Death Rituals and Found Families in Olivia Clare Friedman’s Here Lies
Here Lies
Olivia Clare Friedman
Grove | March 22, 2022
In Olivia Clare Friedman’s debut novel, Here Lies, Alma, a young woman from a near-future Louisiana, battles to reclaim her mother’s ashes from the state, which has banned burials and closed every graveyard. The decree is presumably the government’s latest last dash effort to mitigate the effects of climate change—a gesture to preserve livable, arable land. This too little, too late approach to climate change is likely familiar to readers: indeed, in Greece, where land is scarce and the price of a grave is exorbitant, most families rent a gravesite for three to five years before exhuming the body of their loved one. In the United States, insurance prices for homes in coastal regions rise while basin states like Colorado and Utah make decisions about whose water supplies to cut. Too often we allow these injustices, finding it easier to suffer what we deem a small inconvenience than to face the impossible equations that environmental crises pose. In Here Lies, however, Alma draws a line. She might tolerate the injustices the world throws at her, but she won’t let her loved ones tolerate them.
This line means tending to her mother’s final wish: to be buried.
In her quest, Alma assembles a found family: Bordelon, a pregnant nineteen-year-old; Pegeen, the local librarian; and Josephine, a Catholic notary. Indeed, Friedman’s portrayal of connection between these women is perhaps the most genuine and affecting aspect of the novel. It’s no small comfort to be reminded that our interconnectedness cannot be extinguished, even by the very real threats posed by climate change. Still, it’s worth mentioning that not all women are dealt the same unlucky hand. Friedman steers clear of identifying her characters’ races and issues of class are glossed over, which at times, make their backstories feel a bit sanitized and contrived.
Even so, the novel does have many moments of electric energy. To name a few: Alma sees, for the first time, a crepe myrtle she must have driven past a dozen times. “I imagine myself in miniature,” Alma says, looking at a single bloom, “I nested within it. I imagined Bordelon curled and nesting in the blossom next to mine. We were just children, curled up that way.” Josephine and Alma pull weeds in the garden, a kind of prayer. Alma and Bordelon eat pizza and play cards in a motel bed during a rainstorm in Nevada. Afterward, Alma dreams that the blue star fern Josephine bought from a man in Lubbock grows so huge it covers the room, hiding the women, guarding them. There is a protective quality to nature throughout the book, and this quality deepens the reader’s grief over its transience. One gets the sense that the natural world is also a member of Alma’s found family, a character she gets to know over the course of the novel. It’s no surprise that Friedman wrote poetry before she began writing fiction—her prose has a lyrical quality.
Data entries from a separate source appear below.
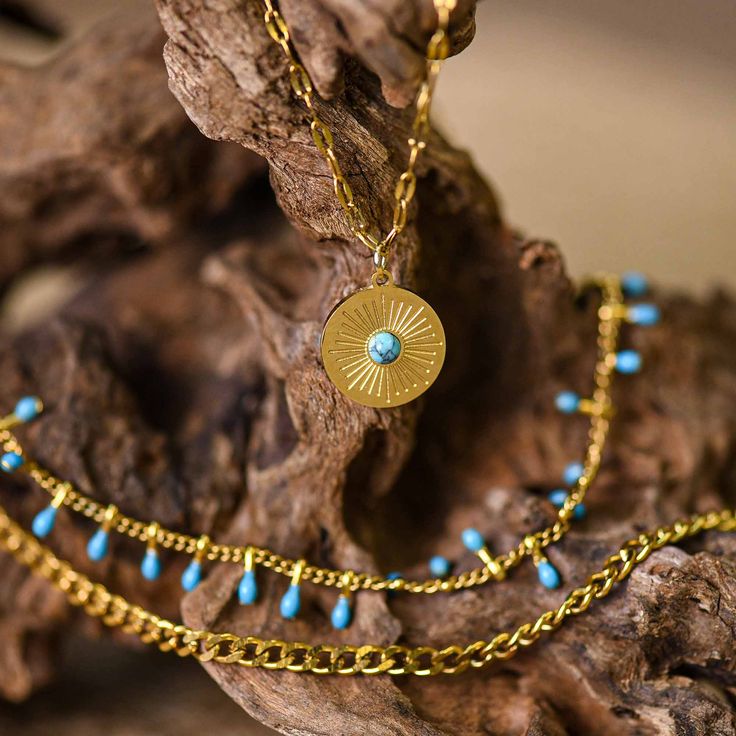 Gemstone: Natural turquoise Chain Material: 18K Gold Plated Chain Length: 16" with 2" extender *Our jewelry features natural, genuine gemstones, ensuring each piece is unique and one-of-a-kind. Please note that, as no two gemstones are identical, the jewelry you receive may vary from the photos.*It is recommended to wipe the necklace regularly to maintain its luster, avoid contact with chemicals, and store it properly to avoid scratches or damage. Adjustable Gold Turquoise Pendant Necklace, Gold Turquoise Adjustable Pendant Necklace, Turquoise Pendant Charm Necklace With Adjustable Chain, Gold Turquoise Pendant Necklace With Adjustable Chain, Adjustable Gold Turquoise Gemstone Necklace, Adjustable Gold Turquoise Necklace With Gemstone, Gold Turquoise Necklace With Adjustable Chain, Gold Turquoise Necklace With Adjustable Chain As A Gift, Gold Turquoise Necklace With Adjustable Chain For Gift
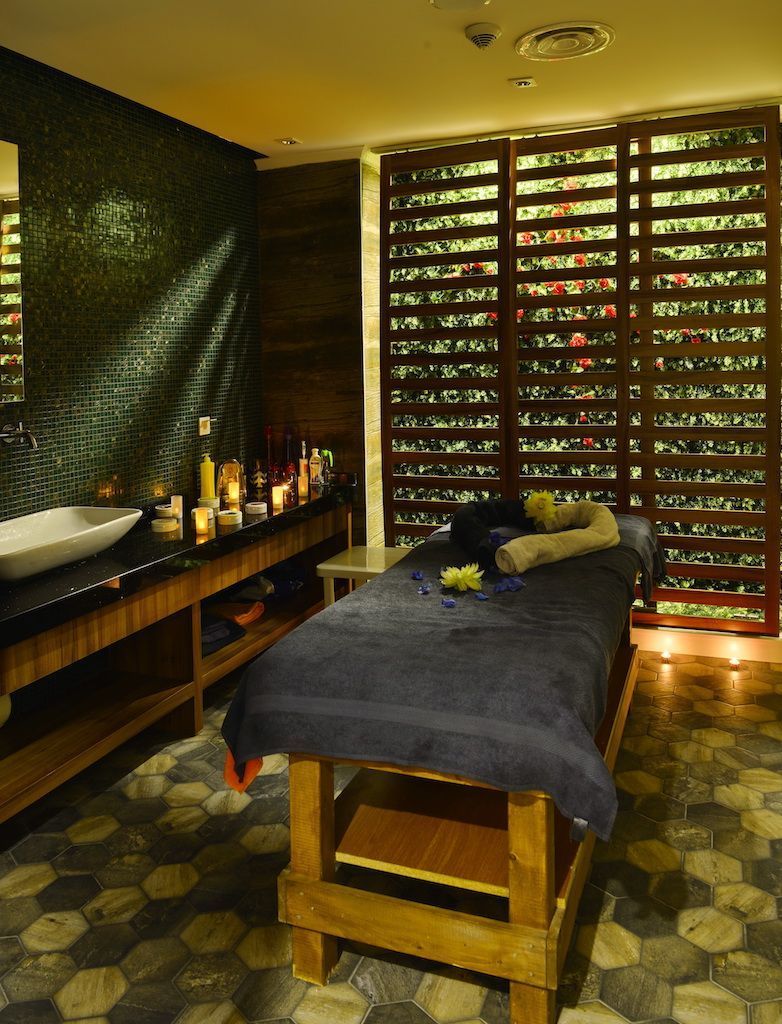 Une pièce comprenant un grand lit, un banc en bois, un lavabo et un mur orné d’un motif décoratif.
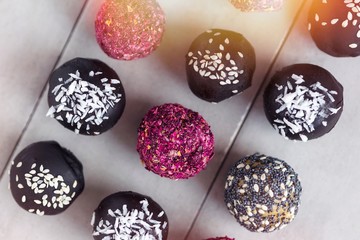 Various fitness raw bites, chocolate truffles, rose petals. Food photography on gray background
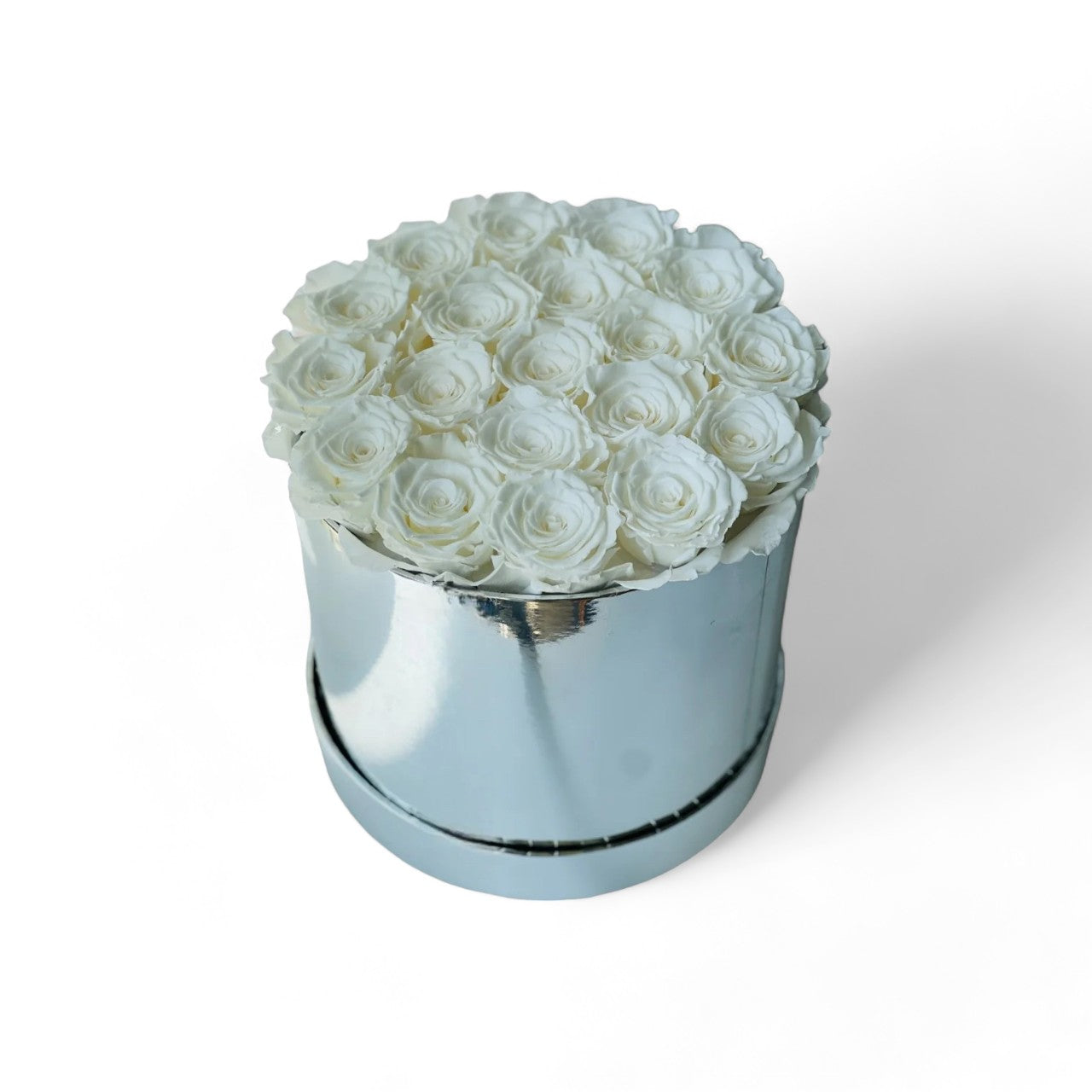 The White Rose Hatbox features preserved white roses elegantly arranged on a reflective silver base, offering a statement of purity and luxury. This timeless eternity rose gift is ideal for adding a serene and classic touch to any space, perfect for special occasions.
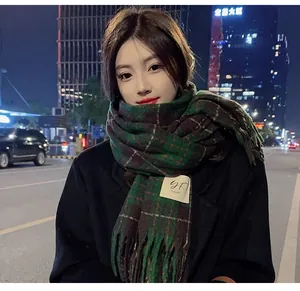 Retro green plaid winter scarf with tassels for women worn by a model in city night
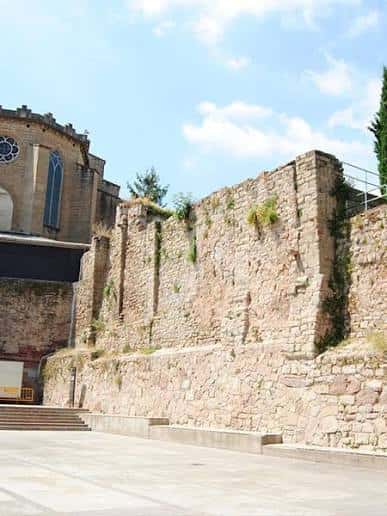 Muralla medieval junto a la Plaça del Carme con iglesia al fondo
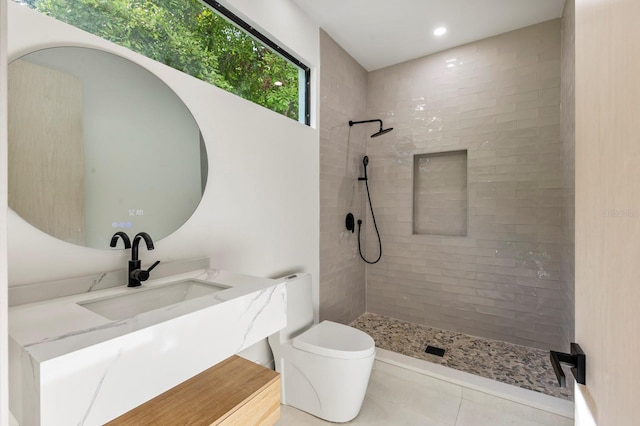 bathroom featuring tiled shower, tile flooring, vanity, and toilet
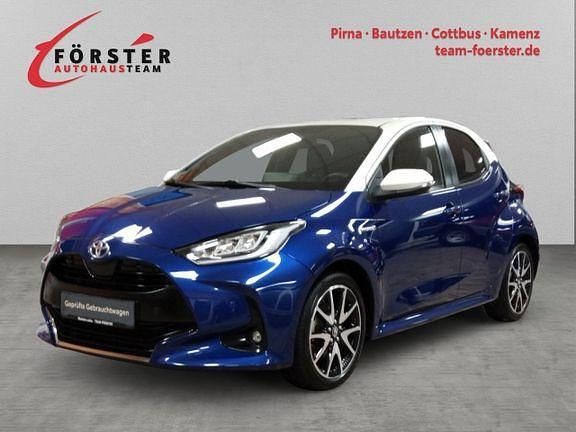 Nachtblau mica metallic, dach weiss Gebraucht 2021 Toyota Yaris Hybrid Style | 18.730 € (Guter Preis) - Bild 1/4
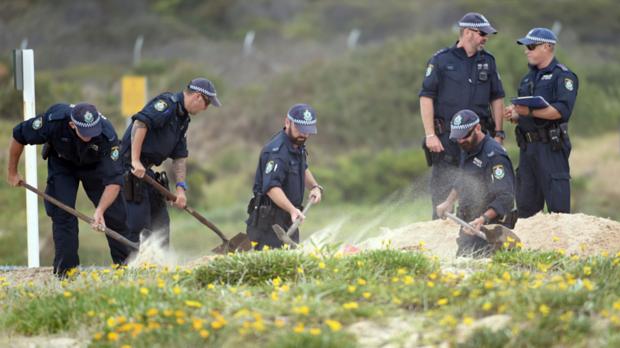 Policiais cavam a areia de uma praia em Sydney onde o corpo de um bebê foi encontrado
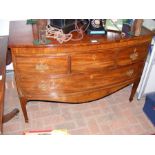 A 19th century bow fronted mahogany chest of four
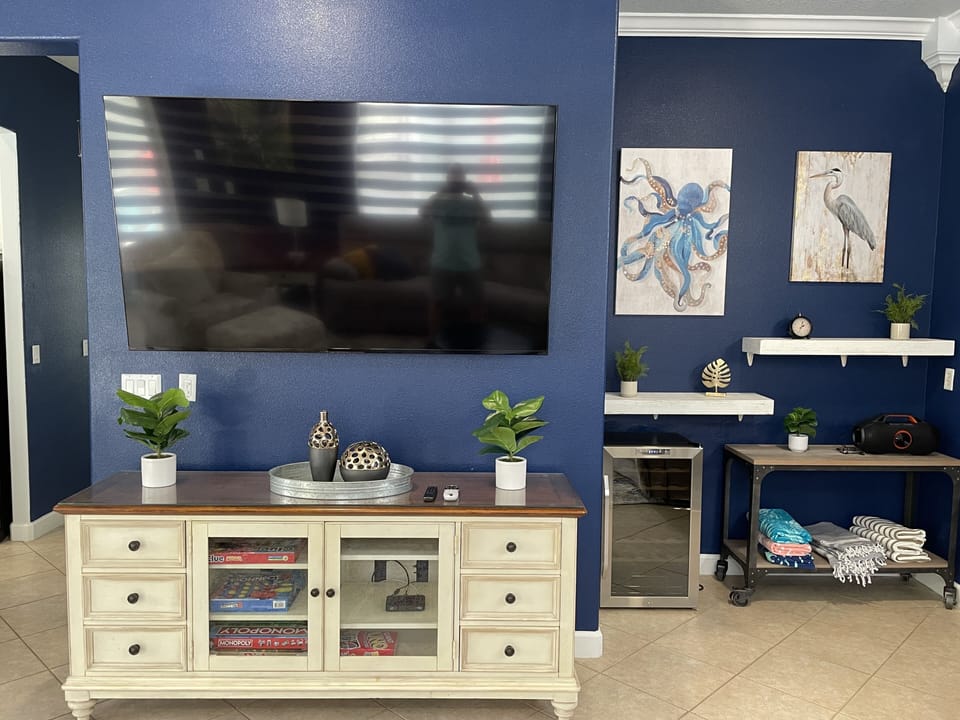 Open concept living and dining room with 75 inch TV and wine/beverage fridge.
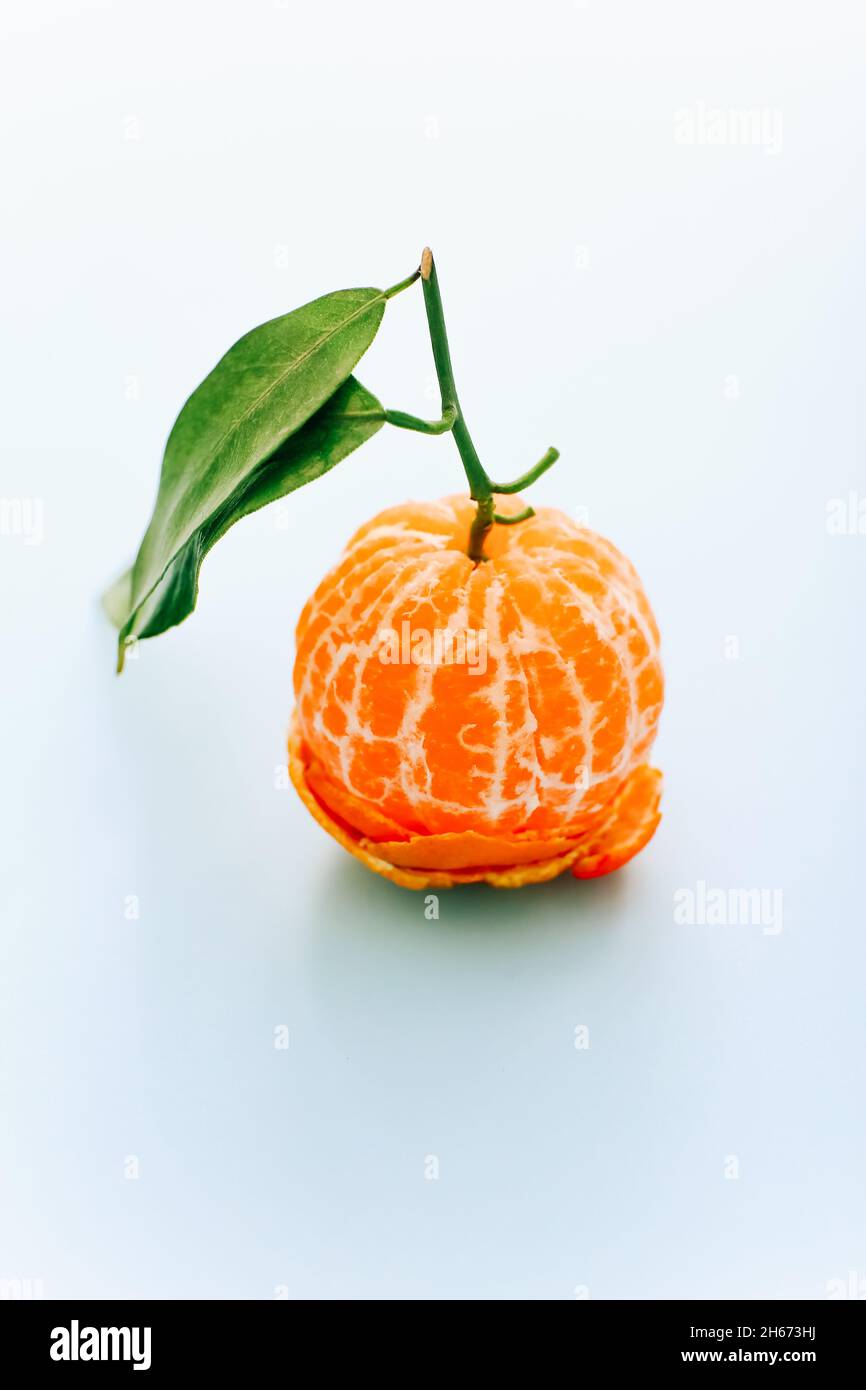 Peeled tangerine with leaves on light background Stock Photo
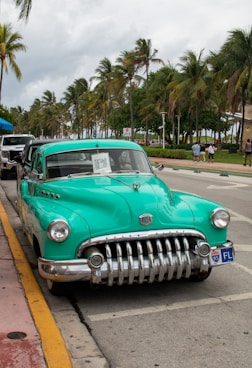 A green car parked on the side of the road
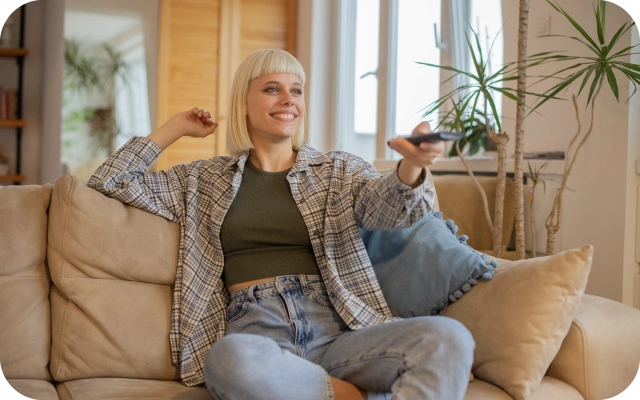 Sieviete sēž uz bēša dīvāna ar pulti rokā; fonā liels skapis ar spoguli un telpaugs ar šaurām lapām.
This closeness to the natural world is confused when Alma oddly does not seem disturbed by the more frequent occurrence of violent storms—her grandmother’s property in St. Genevieve, Louisiana apparently withstands rising water and powerful hurricanes, and all media programming bears a striking resemblance to our own. Alma and Bordelon are “kicking and living” as Alma puts it, as we all are, from one catastrophe to the next. But it’s not the living whose rights Alma is up in arms to protect—it’s the dead. The dead, she believes, should have the right to choose what’s done with their bodies; the living are tasked with honoring their wishes, no matter how unreasonable. Perhaps this cause has a kind of canny aptness—it is the dead, after all, who have caused our current climate crisis, and when we are dead the living will be tasked with tidying up our mess. Although Alma begins to understand that family need not be blood-bound, she fails to see that grieving isn’t tied to any one ritual, that it is the living who must find a way to come to terms with death, not the ones who’ve died.
The world around Alma is collapsing and she is left to address what still matters. Of course, it’s living that matters, that will always matter, as long as one is alive. In the recently released, politically divisive film Don’t Look Up, scientists are flummoxed when people continue to take their lunch breaks, to go to music festivals, to meet one another for overpriced cocktails, despite evidence that their worlds will soon be crushed by a massive meteor. Likewise, Alma and her friends drink Red Stripe, watch videos of jellyfish and snakes at the library with the sound off, gossip about their guitar playing ex-boyfriends. And it’s worth asking ourselves why these things do matter, why they make us feel briefly, routinely, our common humanity. Why is it that once we’ve found our people, we are constantly orbiting them, trying in different ways to keep proximity with them, even after they have died? There are no simple answers and, though Here Lies posits a few, it’s somehow more satisfying that we don’t come out of the book squarely in any camp.